Add ability for `instructlab-knowledge` notebook to take multiple source and qna files #18

alimaredia · 2025-05-23T16:13:23Z

instructlab-knowledge.ipynb only accepted one PDF file and created one qna.yaml file. This PR allows multiple .pdf files to be converted and chunked and allows multiple knowledge contributions each of which can have multiple source pdf files and have one qna.yaml generated.

This PR also contains minor cleanup also a changing to chunking code from having chunks in individual .txt files to all of the chunks being moved into a JSONL file.

anastasds · 2025-06-05T15:03:24Z

What's the design goal behind the new contributions idea? There's a lot of newly introduced magic strings that have come in with it.

Signed-off-by: Ali Maredia <[email protected]>

Other minor cleanup to remove unused variable in authoring code Signed-off-by: Ali Maredia <[email protected]>

Signed-off-by: Ali Maredia <[email protected]>

Signed-off-by: Khaled Sulayman <[email protected]>

…l authoring Signed-off-by: Khaled Sulayman <[email protected]>

Signed-off-by: Ali Maredia <[email protected]>

This commit adds the following:: - extensive documentation on what a knowledge contribution is - a check on the qna.yaml file to make sure all the fields exist for the file to be used in the next step. - Use os.getenv() to get environment variables for q&a generation model - Bumps python version in CI to 3.12 - Runs the Illuminator tool over all contributions Signed-off-by: Ali Maredia <[email protected]>

alimaredia · 2025-06-09T15:00:51Z

@anastasds A contribution is just groupings of one or more source documents that results in the qna.yaml. I added documentation in my latest changes that describe what contributions are.

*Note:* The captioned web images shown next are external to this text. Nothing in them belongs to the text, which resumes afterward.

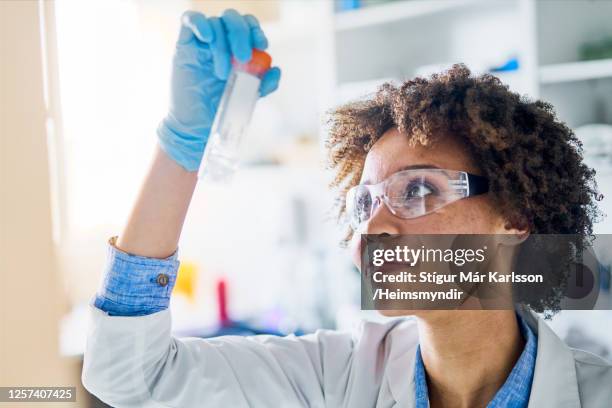 smiling young scientist holding up a research sample in a lab - dna smiley stock pictures, royalty-free photos & images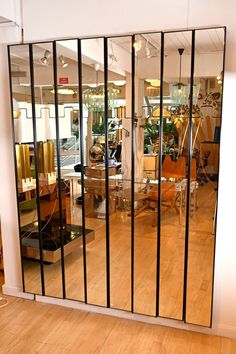 a large mirror in the middle of a room with chairs and other furniture on it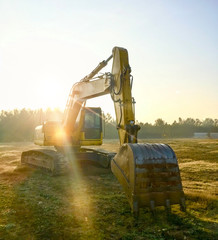 Yellow excavator at construction site into mud with sky background
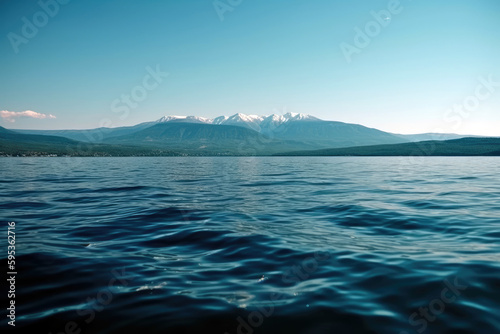 Wallpaper Mural mountain landscape with a crystal-clear lake in the foreground and snow-capped peaks in the background, generative ai Torontodigital.ca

I tried my best to minimize the number of variables users need to set, but the only net new variable should just be the directory the contribution artifacts live in.

Ryfernandes

Everything ran correctly, and the documentation was clear enough for me to follow the contributions system. A couple of thoughts, although not sure if these should be addressed here or as separate features in separate pr's:

Since we are using os.environ() for the authoring section, it could be helpful to provide and reference an example.env file
I have mentioned this before/have built it into my UI, but when users upload multiple files, it would be useful to have multiple pipelines with conversion settings for Docling and to be able to assign them to different documents. For example here, the research paper could benefit from image classification/description and formula enrichment, whereas these are largely unnecessary/a waste of compute for the NFL rulebook. I have a notebook here of a tool I wrote that starts experimenting with some methods of doing this (just specifying conversion settings and adding aliases, not assigning them yet).

iamemilio · 2025-06-09T17:35:16Z

I agree with Ryan about wanting different conversion options based on document layout and composition.

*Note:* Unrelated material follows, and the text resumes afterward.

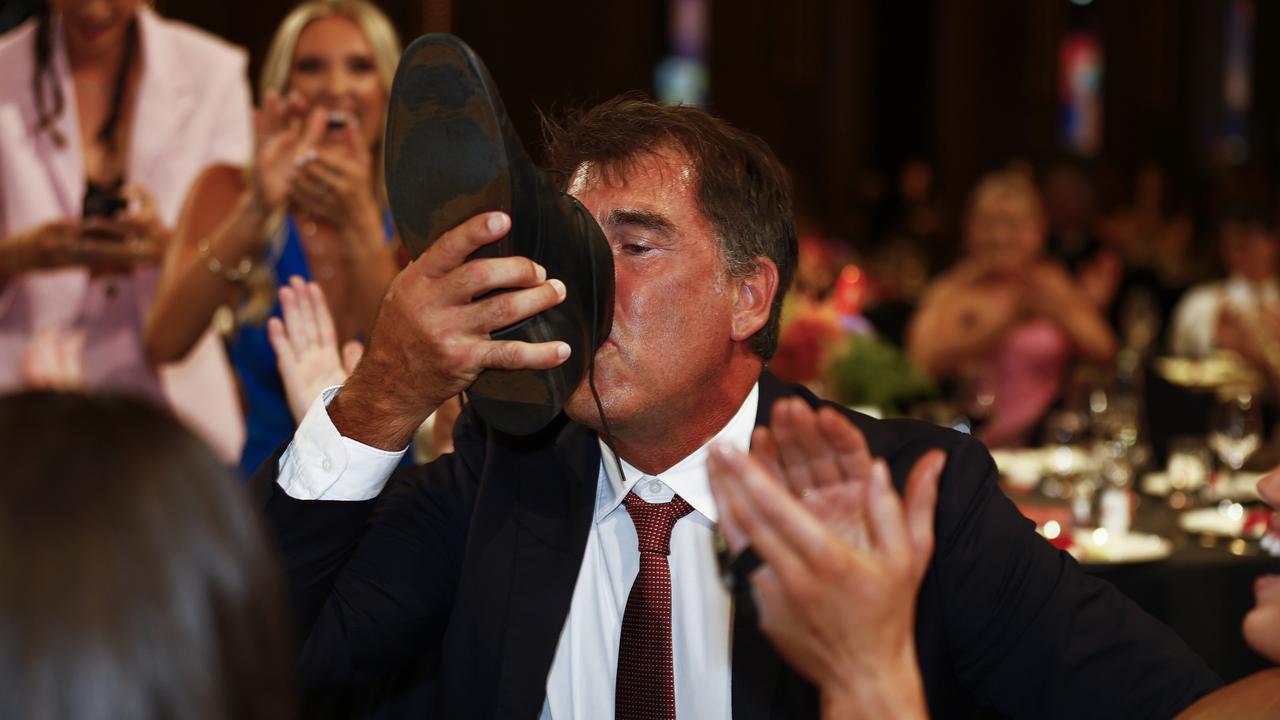 AFLW Lions head coach Craig Starcevich delivers on his promise to “pull a shoey” at the request of Emily Bates after she won the 2022 AFLW Best and Fairest Award at the 2022 AFLW W Awards at Crown Palladium on April 05, 2022 in Melbourne, Australia. Picture: Daniel Pockett/AFL Photos/Getty Images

I am starting to wonder if the instructlab-knoweldge notebook is doing too much. It seems like what we want to do is to write a data conversion pipeline tool that wraps docling. If that's what we are delivering, would it be better off as a product, with standards, testing, explicit inputs and outputs, an sdk/cli/ui... etc, rather than an increasingly complex script that you run in a notebook?

notebooks/instructlab-knowledge/instructlab-knowledge.ipynb

khaledsulayman · 2025-06-09T18:36:37Z

I am starting to wonder if the instructlab-knoweldge notebook is doing too much, and I am not really sure why we are forcing it to be in a notebook, when it seems like what we want to do is to write a data conversion pipeline tool that wraps docling. If that's what we are delivering, wouldn't it be better off as a product, with standards, testing, explicit inputs and outputs, an sdk/cli/ui... etc, rather than an increasingly complex script that you run in a notebook?

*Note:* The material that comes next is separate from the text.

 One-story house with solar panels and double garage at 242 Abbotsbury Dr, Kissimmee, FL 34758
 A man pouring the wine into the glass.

@iamemilio I see where you're coming from, however I would lean against drawing boxes around any particular part of the workflow at the moment. Modularization is definitely the ultimate goal for a product, but from my understanding the initial push towards notebooks was so they could serve as a bucket of code where we could get an unbiased sense of all the customizability we would want. I think it makes sense to build this up to include all the customizability we would want and then break it down into more concrete modules once product requirements are clearer.

notebooks/instructlab-knowledge/instructlab-knowledge.ipynb

kelbrown20 · 2025-06-09T19:28:15Z

notebooks/instructlab-knowledge/instructlab-knowledge.ipynb

    "# Summary\n",
    "\n",
-    "To recap, given a source document in PDF format, this notebook:\n",
+    "To recap, given a source documents in PDF format, this notebook:\n",


Are you thinking of a specific tense for this, because before the tenses varied a lot and were inconsistent. It does matter to me which one, It should all just be in the same tense

What would you suggest the tense we should stick with? Maybe we do a follow up PR aligning all of the tenses in all of the documentation within each section?

CC: @JustinXHale

notebooks/instructlab-knowledge/instructlab-knowledge.ipynb

notebooks/instructlab-knowledge/utils/qna_gen.py

fabianofranz · 2025-06-09T21:42:45Z

.github/workflows/instructlab-knowledge-e2e.yml

              uses: actions/setup-python@v5
              with:
-                python-version: '3.11'
+                python-version: '3.12'


Just FYI, I successfully ran it end-to-end on 3.11 with just one minor adjustment. On notebooks/instructlab-knowledge/instructlab-knowledge.ipynb#232 , use contribution['name'] (single quotes).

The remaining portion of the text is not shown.